Text: There are four options with the post hook-up text:

1. You can mention some cool thing you’re doing (a movie, a concert, an exhibition, etc.) and ask if he or she is interested, which will bring your relationship into the ambiguously dating stage.

2. You can refer to something funny that happened the night before, like “your temp tattoo wiped off on my pillow,” which will bring your relationship into the banter stage.

3. You can wait until 10 p.m. and text “plans for the evening?” which will bring your relationship into the “let’s try to get ourselves into drunk proximity again” stage.

4. Or you can wait until after midnight and text “what’s up?” which will stabilize your relationship at the emotionless physical stage.

E-mail: Inserting yourself into someone’s world is very dangerous and must be done with care. You definitely need to explain somewhere in the e-mail why you’re sending an e-mail, like “I’m in Bass (so no cell) writing a crappy paper and desperately in need of something to look forward to. Hang out tomorrow?” If you manage to justify the e-mail medium effectively, then the message can seem both original and endearingly earnest.

Facebook message: Facebook messages always have a vibe of intensity. You’re using a Web site whose main function is to advertise your popularity, but are choosing instead to make private one-to-one contact. It feels secret.

The one exception is the Facebook message that you can choose to send along with a friend request. If you are not Facebook friends with your hook-up, then a request accompanied by a pithy, playful note is an excellent opportunity for both flirtation and aloofness: “I think we probably qualify as friends now,” for example. I would never say that, but you get what I mean: feisty reference to sexual encounter with an air of studied casualness. Fight the temptation to send just a wink face.

Skype: Did you add him/her on Skype? Why did you do that? Skype is for your mom and your boyfriend on a semester abroad in Beijing.

Gchat/AIM: If your hook-up happens already to be one of your contacts, then you have stumbled on a glorious playground of innuendo and inside joke development. A phone call, text or Web message all require deliberate contact-making, but when it comes to online chat you message someone simply because they’re online. It would be rude NOT to say something.

Also, every word doesn’t have the weightiness of a text or e-mail because you’re speedily scripting it in real time, as opposed to obsessively redrafting it in your darkened bedroom. Online chat has zero minimum emotional disclosure, which is why it’s so popular with us coddled, self-involved Generation Yers. But there’s also great potential for a lot of emotional disclosure, as well as sexual disclosure — things you would never ever say aloud to this person’s face ever ever, like: “my prof totally noticed my hickey it’s practically BLEEDING thank you.”

Facebook chat: Are you on drugs? Because I imagine being on drugs on Facebook chat would be hilarious.
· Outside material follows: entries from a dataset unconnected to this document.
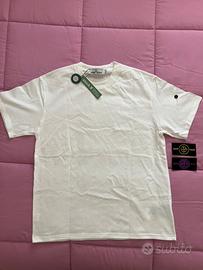 Maglia Stone Island white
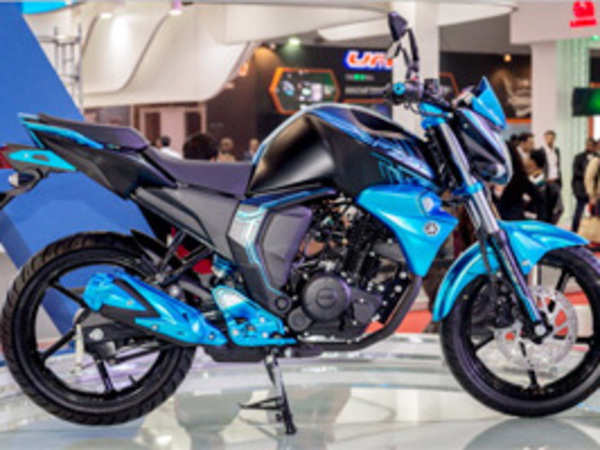 Yamaha Launches Upgraded Fz Fz S Bikes The Economic Times Video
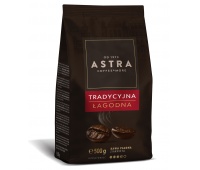 Coffee ASTRA Traditional Mild, beans, 500g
If you’re not on drugs, you have no excuse for chatting to your hook-up on Facebook. Unless it’s after 3 a.m. Then you can say something about how late it is and how sleep is for the weak or something.

Twitter: @hookup #followfriday me @SAE tonite? #probablyinappropriate

Google Buzz: You don’t want to be hooking up with anyone who actually uses Google Buzz.
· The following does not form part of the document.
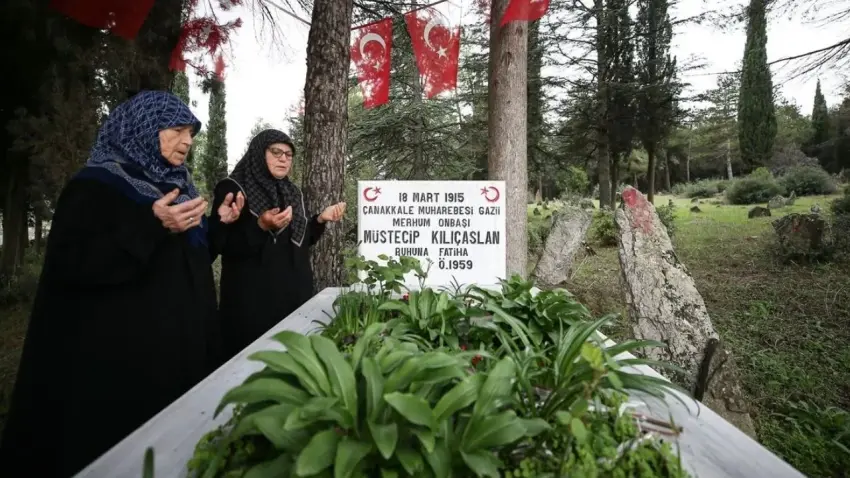 Müstecip Onbaşı’nın hayatı beyaz perdeye taşınıyor - Fotoğraf 1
Facebook wall post: This is both the least intense and most intense of all communication media today. It’s the least intense because it’s on public display, so it’s probably stripped of any significant content. It’s probably a reference — to a past conversation or something on your profile — and a large amount of mental energy is required to construct a reply. There’s also an interval between posts of at least a few hours, so it usually ends up as a prolonged and titillating game of meaninglessness.

But the medium is the message, especially when it comes to wall posts. The content of the message is the very fact of wallposting. You’re broadcasting your new and ambiguous relationship to your entire network, flooding hundreds of Minifeeds with your nascent courtship.

Everyone you’ve ever known since high school, including other potential hook-ups, will see that you and this rando person have developed a delightful rapport. Anyone who really likes you will check this wall-to-wall on a daily basis. Yet you wall-post away despite these glaring eyes, tossing your feelings into the vicious, judgmental dentate of the social universe. In this day and age, with our morally bereft casual sexing and fragmented faceless cyberscapes, isn’t this the closest thing we have to love?